### DESCRIPTION OF THE TASK
When you reach the line with "Fleurs (002000441) Empire" in the listing below, transcribe it and each line after it up to and including the line with "F-711 Mini Walkie", exactly and with nothing else.

### ENTRIES PROVIDED
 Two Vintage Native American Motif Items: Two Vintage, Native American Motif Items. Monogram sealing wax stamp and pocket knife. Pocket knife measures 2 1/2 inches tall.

---

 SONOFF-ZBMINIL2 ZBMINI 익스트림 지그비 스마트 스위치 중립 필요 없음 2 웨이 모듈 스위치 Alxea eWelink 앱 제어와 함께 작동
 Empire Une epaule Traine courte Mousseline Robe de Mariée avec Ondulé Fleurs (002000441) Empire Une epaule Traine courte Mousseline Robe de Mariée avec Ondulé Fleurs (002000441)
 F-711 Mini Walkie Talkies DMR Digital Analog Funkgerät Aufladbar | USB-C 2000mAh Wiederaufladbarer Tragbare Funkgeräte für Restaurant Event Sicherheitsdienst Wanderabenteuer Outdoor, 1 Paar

### WRITTEN SOLUTION
 Empire Une epaule Traine courte Mousseline Robe de Mariée avec Ondulé Fleurs (002000441) Empire Une epaule Traine courte Mousseline Robe de Mariée avec Ondulé Fleurs (002000441)
 F-711 Mini Walkie Talkies DMR Digital Analog Funkgerät Aufladbar | USB-C 2000mAh Wiederaufladbarer Tragbare Funkgeräte für Restaurant Event Sicherheitsdienst Wanderabenteuer Outdoor, 1 Paar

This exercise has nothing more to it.